▶ **The data**

Segment Open

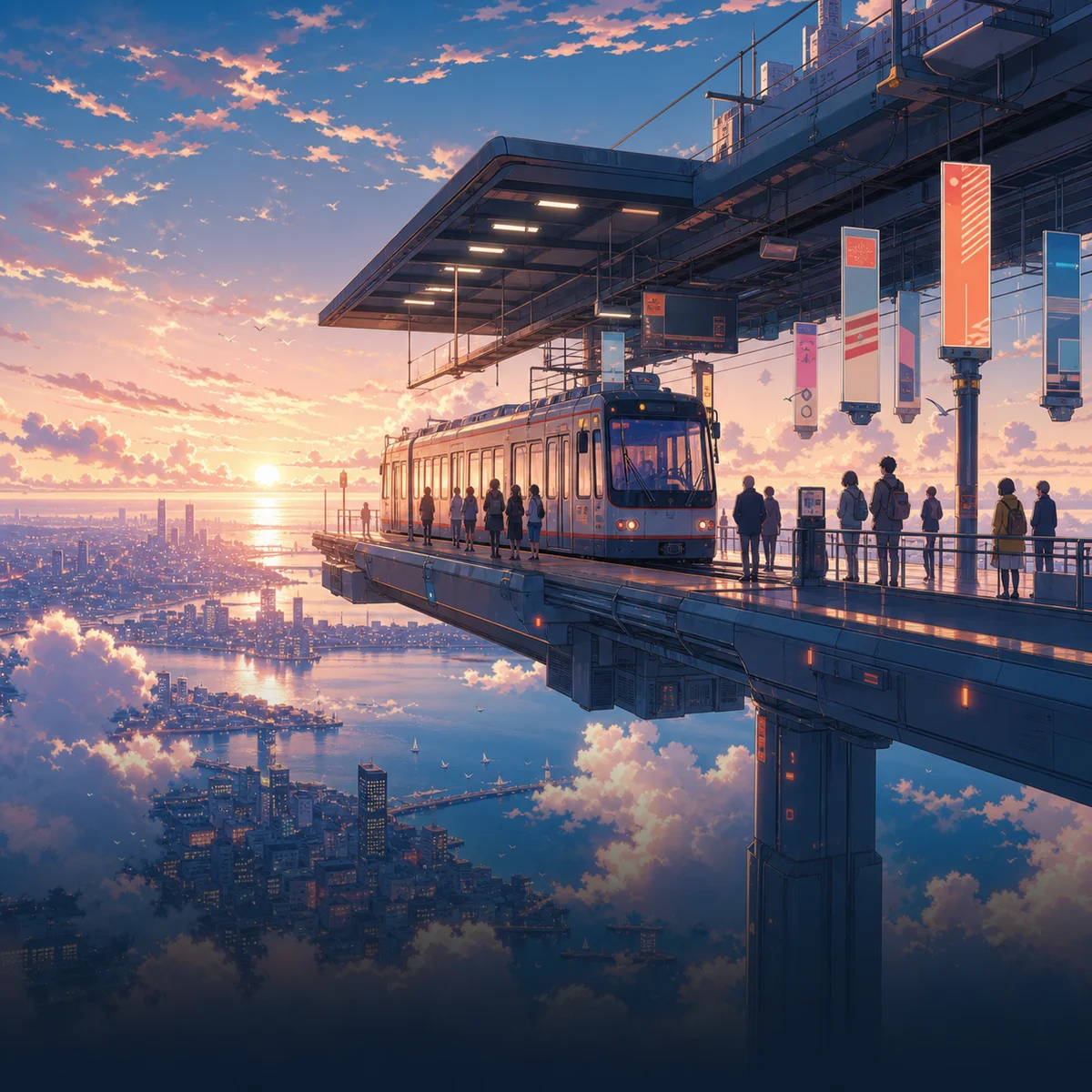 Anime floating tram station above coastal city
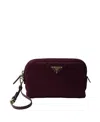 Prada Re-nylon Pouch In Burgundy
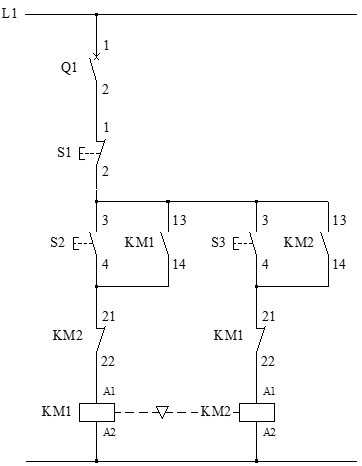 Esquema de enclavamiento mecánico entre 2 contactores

Segment Closed

▶ **What is expected**
All of the material must be given again exactly, though no picture may appear in the copy.

▶ **Solved problem**
 Anime floating tram station above coastal city
 Prada Re-nylon Pouch In Burgundy
 Esquema de enclavamiento mecánico entre 2 contactores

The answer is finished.